Forward pass through the full model.

Functions

build_encoder(vocab_size, embed_dim, hidden_dim, dropout)

Build the shared BiLSTM encoder.

Parameters

vocab_size - Vocabulary size
embed_dim - Embedding dimension
hidden_dim - LSTM hidden dimension
dropout - Dropout rate

Returns

Axon model

build_model(opts)

Build the full end-to-end span model.

Parameters

opts - Model options

Options

:vocab_size - Vocabulary size (required)
:embed_dim - Token embedding dimension (default: 100)
:hidden_dim - LSTM hidden dimension (default: 256)
:width_emb_dim - Span width embedding dimension (default: 20)
:max_span_width - Maximum span width (default: 10)
:span_scorer_hidden - Span scorer hidden layers (default: [256, 128])
:pair_scorer_hidden - Pair scorer hidden layers (default: [512, 256])
:dropout - Dropout rate (default: 0.3)

Returns

Map with :encoder, :span_scorer, and :pair_scorer models

build_pair_scorer(pair_dim, hidden_layers, dropout)

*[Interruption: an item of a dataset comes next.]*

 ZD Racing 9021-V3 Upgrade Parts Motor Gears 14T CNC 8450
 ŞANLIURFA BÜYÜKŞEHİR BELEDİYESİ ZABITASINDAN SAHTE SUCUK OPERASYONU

Build pairwise scorer head.

Scores whether two spans are coreferent.

Parameters

pair_dim - Pair representation dimension
hidden_layers - Hidden layer sizes
dropout - Dropout rate

Returns

Axon model

build_span_scorer(span_dim, hidden_layers, dropout)

Build span scorer head.

Scores whether a span is a valid mention.

Parameters

span_dim - Span representation dimension
hidden_layers - Hidden layer sizes
dropout - Dropout rate

Returns

Axon model

build_width_embeddings(max_width, embed_dim)

Build learned width embeddings.

Parameters

max_width - Maximum span width
embed_dim - Embedding dimension

Returns

Axon model

compute_loss(span_scores, coref_scores, gold_span_labels, gold_coref_labels, opts \\ [])

Compute joint loss.

Parameters

span_scores - Predicted span scores
coref_scores - Predicted coreference scores
gold_span_labels - Gold span labels (1 = mention, 0 = non-mention)
gold_coref_labels - Gold coreference labels
opts - Loss options

Options

:span_loss_weight - Weight for span loss (default: 0.3)
:coref_loss_weight - Weight for coref loss (default: 0.7)

Returns

Total loss scalar

extract_pair_features(span1, span2, tokens \\ nil)

Extract pairwise features between two spans.

Features include:

Distance (sentence, token)
String match (exact, partial, head match)
Span properties (lengths, positions)

Parameters

span1 - First span
span2 - Second span
tokens - Document tokens (optional, for string matching)

Returns

Feature tensor [20]

forward(models, params, token_ids, spans)

Forward pass through the full model.

Parameters

models - Model map (encoder, scorers)
params - Parameters map
token_ids - Token ID tensor [batch, seq_len]
spans - List of span structs

Returns

{span_scores, coref_scores} tuple